Nonlinear Finite-Element analysis of a large offshore concrete structure
Autor: Joël Arnet
Sprache: Englisch
Kurzfassung
The mechanically consistent constitutive laws of reinforced concrete developed at the ETH Zürich such as the cracked membrane model is limited in its application to the use for distinct structural elements such as membranes, plates or beam elements. This thesis aims to utilise these laws in a nonlinear Finite-Element analysis for a large prestressed concrete offshore structure subjected to a lateral iceberg impact load. Furthermore, the goal is to identify the benefits and limitations of the nonlinear analysis procedure. The constitutive laws are implemented in the user-defined material model called CMM-Usermat in the software ANSYS Mechanical APDL. The modelling of the structure consists of a linear and nonlinear part. The former is used to calculate the reinforcement contents required for the nonlinear analysis, employing the Sandwich model with taking into account the increase in prestressing force and adaptable cover thicknesses. The analysis is performed based on the internal forces, the stresses and strains consisting of the steel stresses at the crack, the concrete principal stresses, the crack orientations and the principal strains as well as a cross-section analysis. These are generated from the manual post-processing of the result data.

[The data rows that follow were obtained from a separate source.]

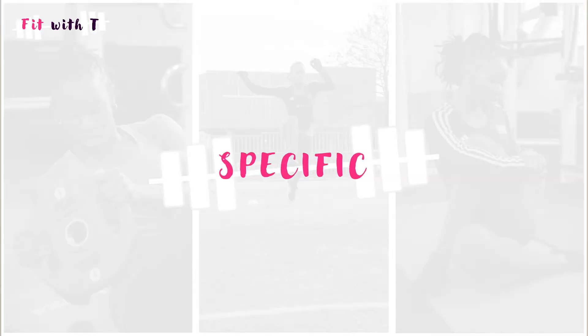So the first part of SMART is Specific. You need your goal to be specific — it's too vague to say 'I want to get fit.' That is just too broad, and that's why I often encourage people to use the five components of health-related fitness.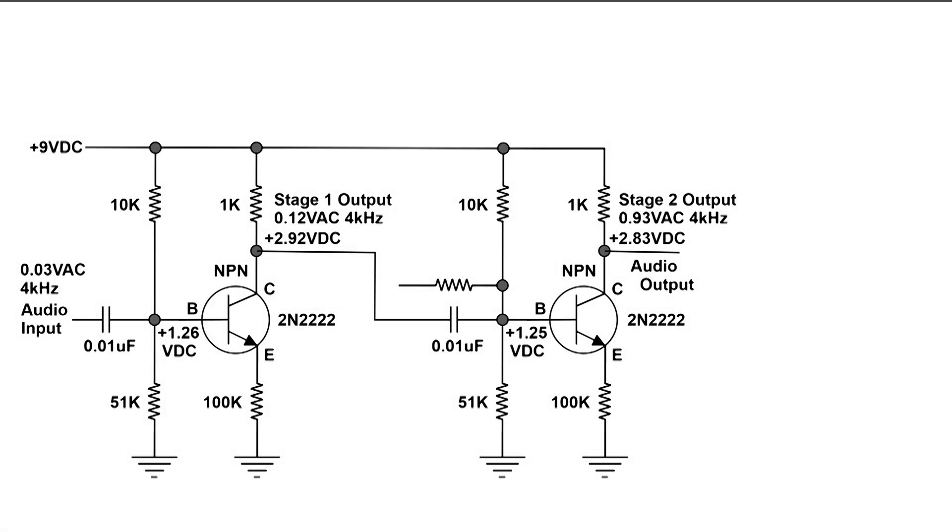Here's the wiring diagram of a little two-stage amplifier that I built. If we look all the way to the left, the input is rather low — it's 0.03 volts AC at 400 kHz. That's going to be our audio signal, and that signal goes through a 0.01 microfarad capacitor onto the base of the first transistor.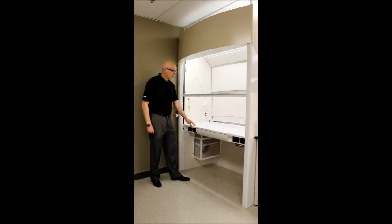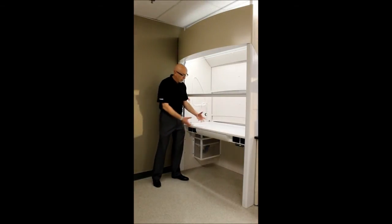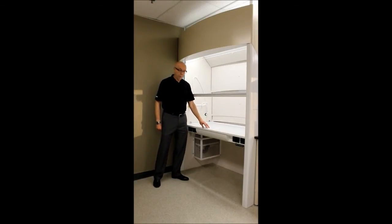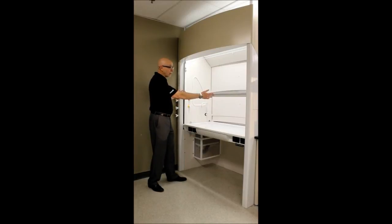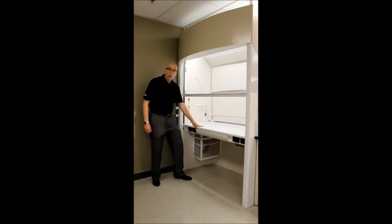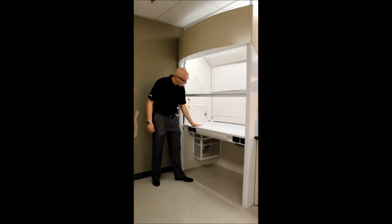It is a fume hood that is very friendly for people putting heavy things in and out of the unit, or most specifically for ADA. You'll notice there is a lot of glass — it's very bright, very open, and very aerodynamic from the sash handle down to the horizontal airfoil, which is a flush sill.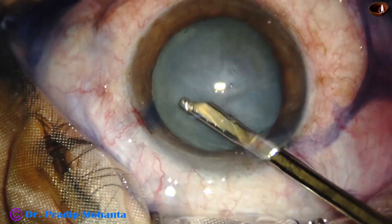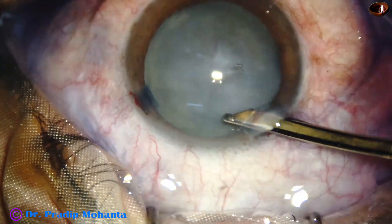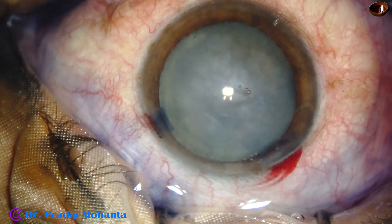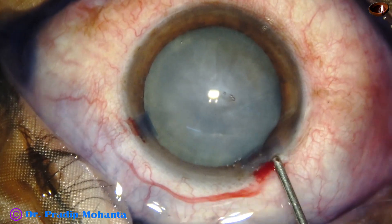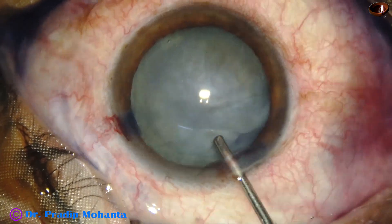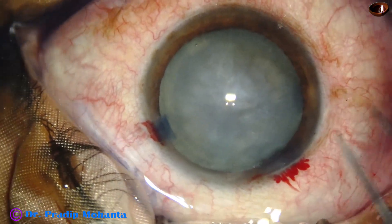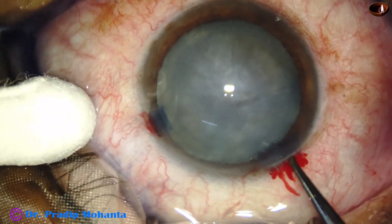We can see there is very nice staining of the capsule in a very short time. And now the anterior chamber is filled up with 2% hydroxypropyl methyl cellulose. Now, let us see capsulorhexis with the utrata forceps.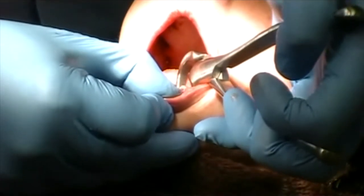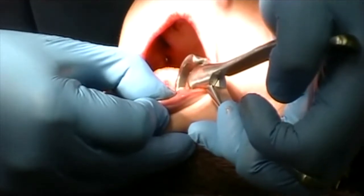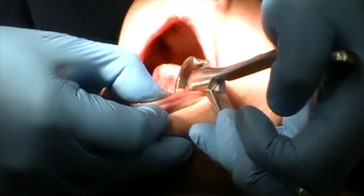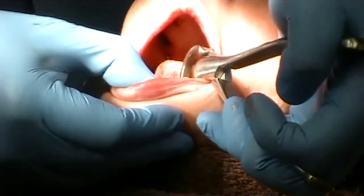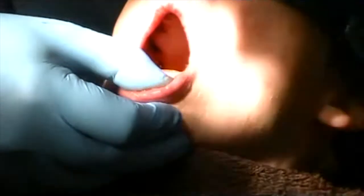You just have to take your time with this procedure. It's time-saving not having to find little root tips. And it's going to pop — I can feel it pop — wow, right out of the jaw.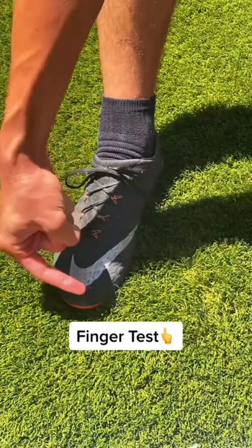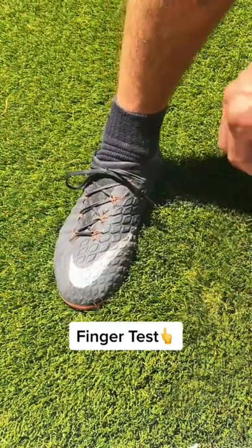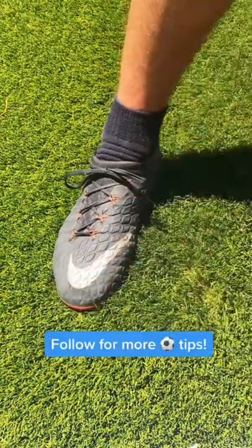To see if the cleats are really fit in the long run, ask yourself: do I have a finger's width of space between the toe and the tip of the shoe? So the next time you get new cleats, press down on the front of your toes to see if you have breathing space for your feet.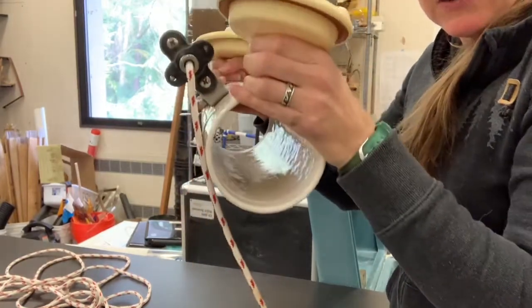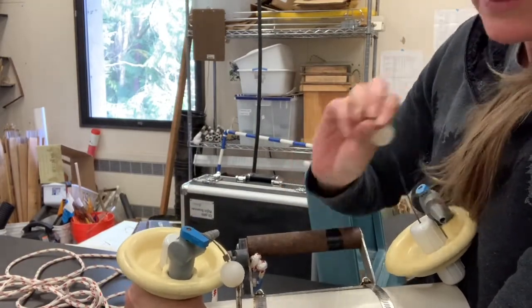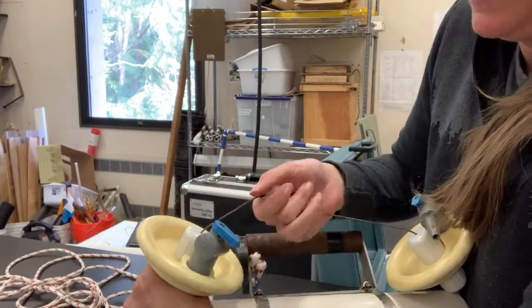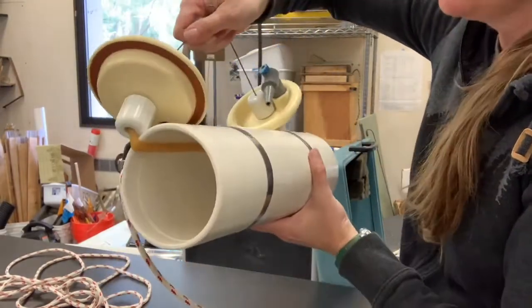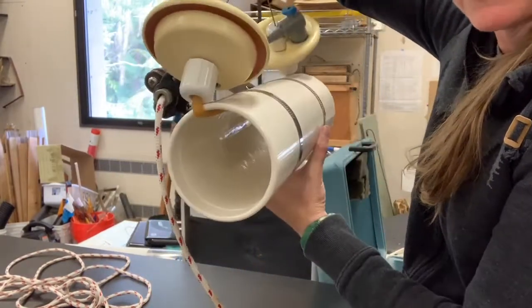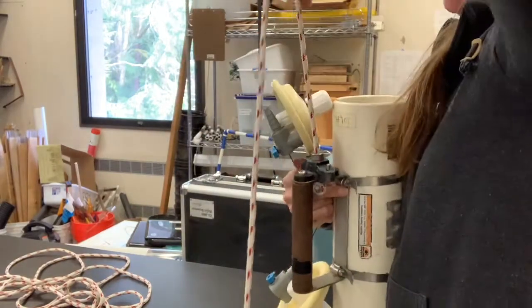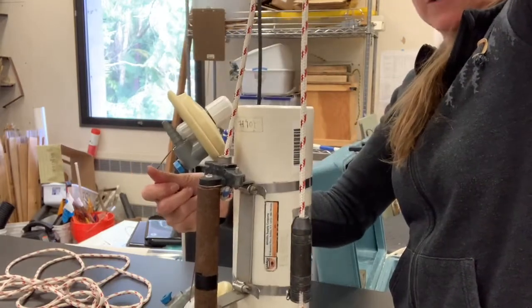So I'm lowering it down in the water column, and the mechanism — the way it's supposed to work — is you put these two little loops through this little pin here and it holds it open. We're just going to pretend I'm holding it open as I'm lowering it down. There are some bottles that lower down kind of horizontal, but this mechanism is supposed to lower it down vertically, so the rope comes off the top and it's lowering, lowering, lowering down to the place where you want to collect.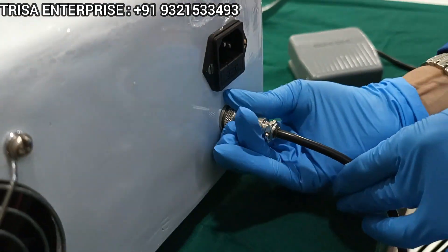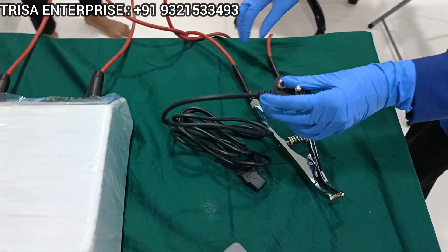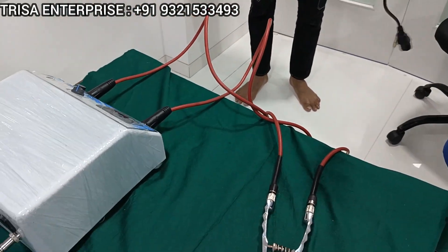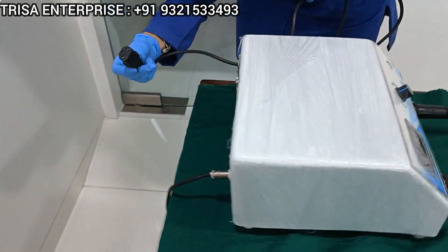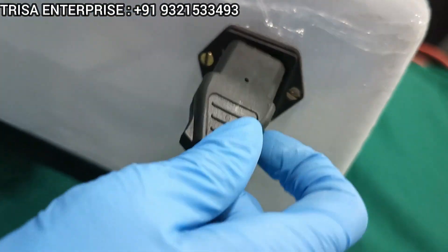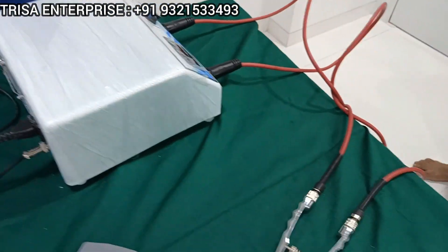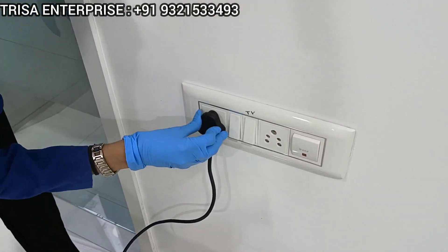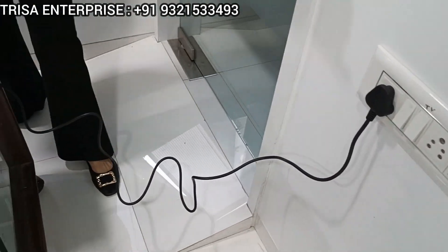Now this welding machine is all set and all we need to do is connect the power. Make sure that wherever you are inserting this three-pin plug, there is a safety earthing given — it's very important. Connect the back side of the plug to the machine, match it with the three pins, and connect the three-pin plug to any socket which has proper earthing. Now your machine is ready with power.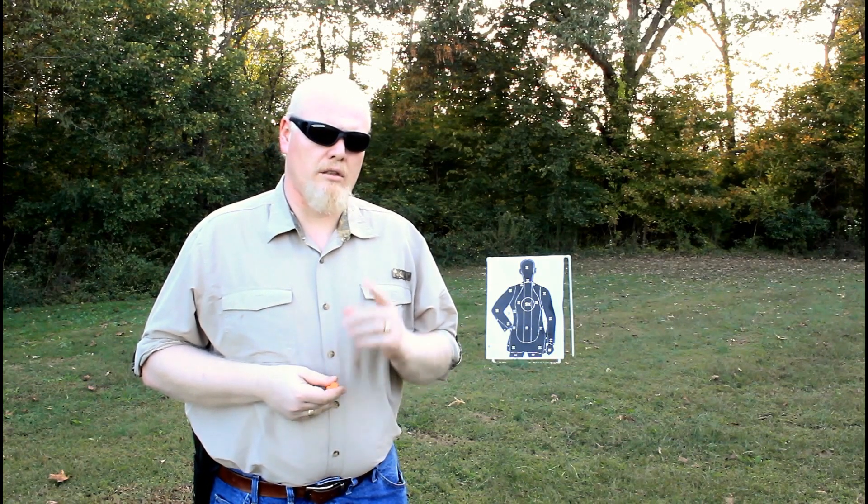One of the biggest mistakes that a lot of people will make is that they will get their concealed carry license but never spend any time practicing with their firearm. Your shooting skills do not magically appear just because you've gotten your license. You need to invest the time into practice and training.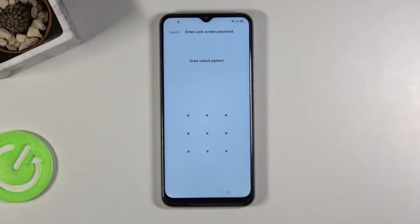Welcome! In front of me I have a Realme 7i and today I'll show you how to bypass the verification on this phone.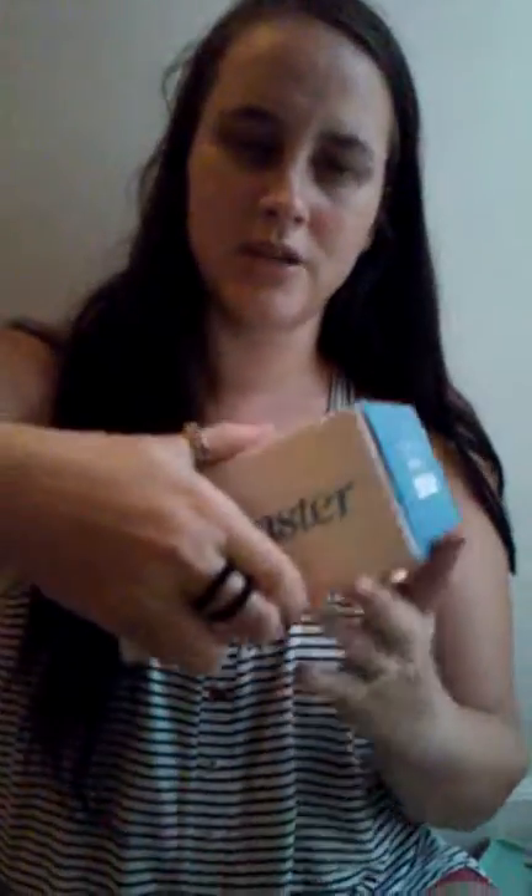I haven't opened it yet, except cut the tape. And this is what it opens up to. Don't move the camera — my daughter's filming for me.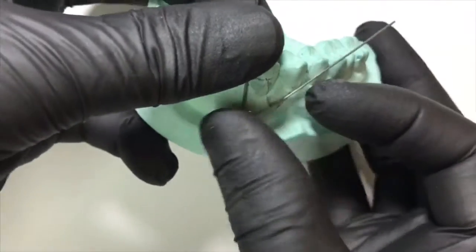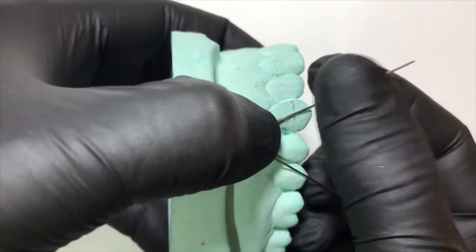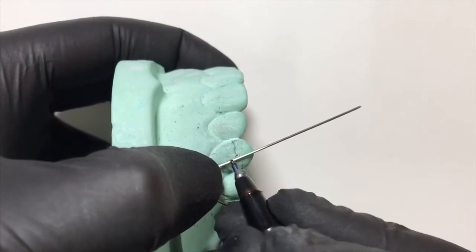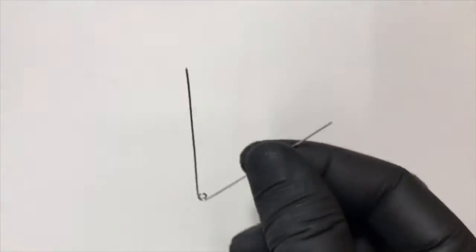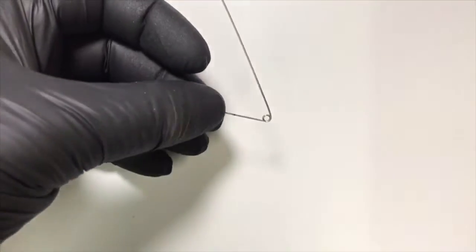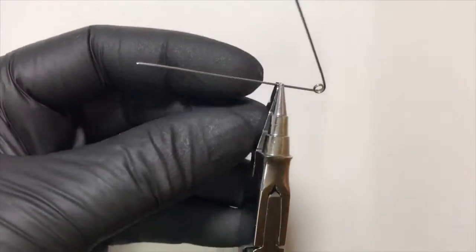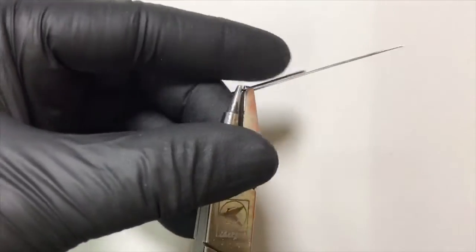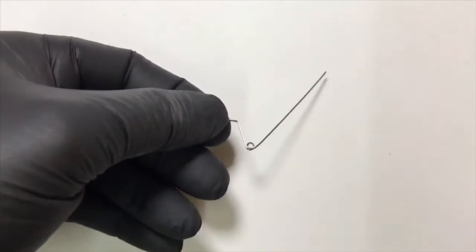In the next step we check its adaptation on the cast and begin with our second marking where the active arm would bend and engage the canine. The marked point is where the active arm engages the buccal aspect of the canine. We give a sharp 90-degree bend using the square beak of the universal plier, keeping the same plane so it is not distorted.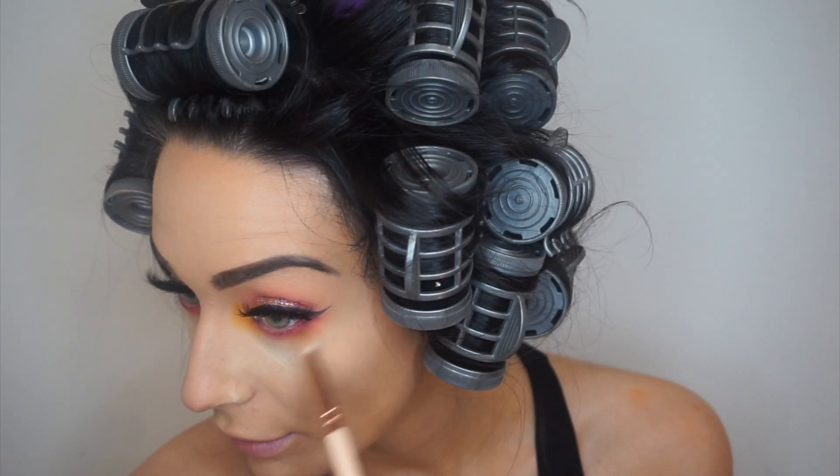Oh my god, these lashes are literally the nicest lashes — they really look like the Lily Lashes in Miami which literally cost about 30 quid, but these were nine pounds. I'm going to add a bit of that yellow shade as well.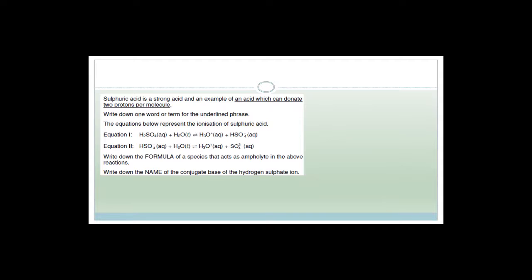Sulfuric acid is an example of an acid which can donate two protons per molecule. Write down one word or term for this phrase: the answer is diprotic. Diprotic means two, and protic stands for protons — it can give off two protons, therefore it is diprotic.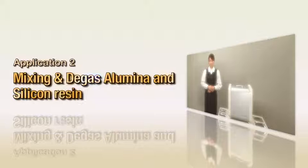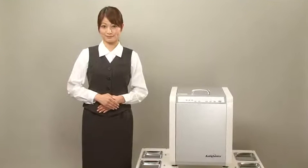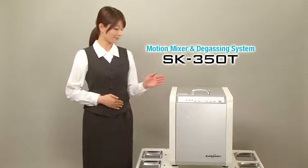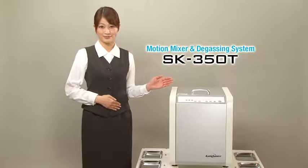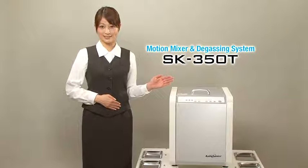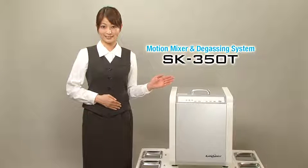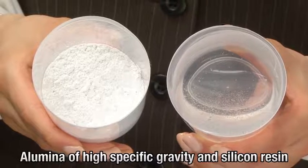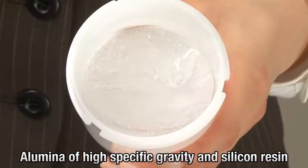Mixing and degassing alumina and silicon resin. Next, we will use the SK350T in step mode in order to mix powder and resin into a paste and degass the material. First, we prepare the materials — we are using alumina of high specific gravity and silicon resin.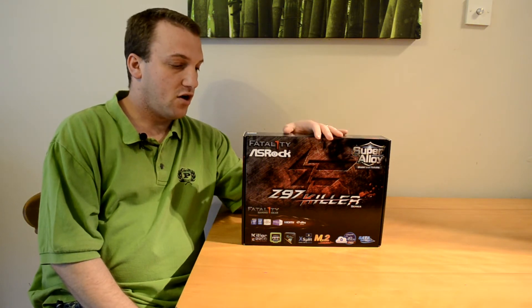What's up guys, Ben here for Play3r.net, and today we're taking a look at the ASRock Fatality Z97 Killer board. We're just keeping things moving with the Z97 stuff — as you know, a lot of companies have put a lot of effort into getting these boards out there in time for Haswell refresh and also to be ready for Broadwell when it comes out.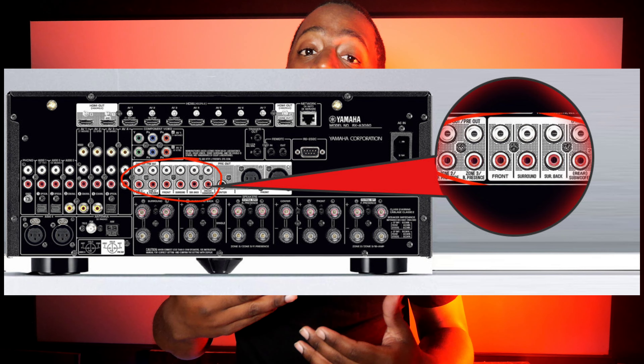Some models of receivers have pre-outs — the RCA jacks on the back of your receiver that allow you to connect an external amplifier for additional power. If you spend enough money on a receiver and get high enough in the manufacturer's lineup, you can bypass the built-in amplifiers and plug in an external amp for more power. For example, I have KEF R11s — they handle a lot of power and aren't the most efficient speakers, so having more power than an AV receiver can provide is highly beneficial.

Thereby, it could be identified that the offshore structure is dominated by a compression membrane state, where the iceberg impact load only has a local effect, showing little cracking and low reinforcement stressing. The nonlinear Finite-Element analysis using the CMM-Usermat allows an actual insight of material capacity utilisation and the effective cracked stiffness of the structure. Despite its complex and time-consuming implementation, the interpretation of the cracked membrane model result variables permits for the engineer a better understanding and traceability of the global structural behaviour of large structures.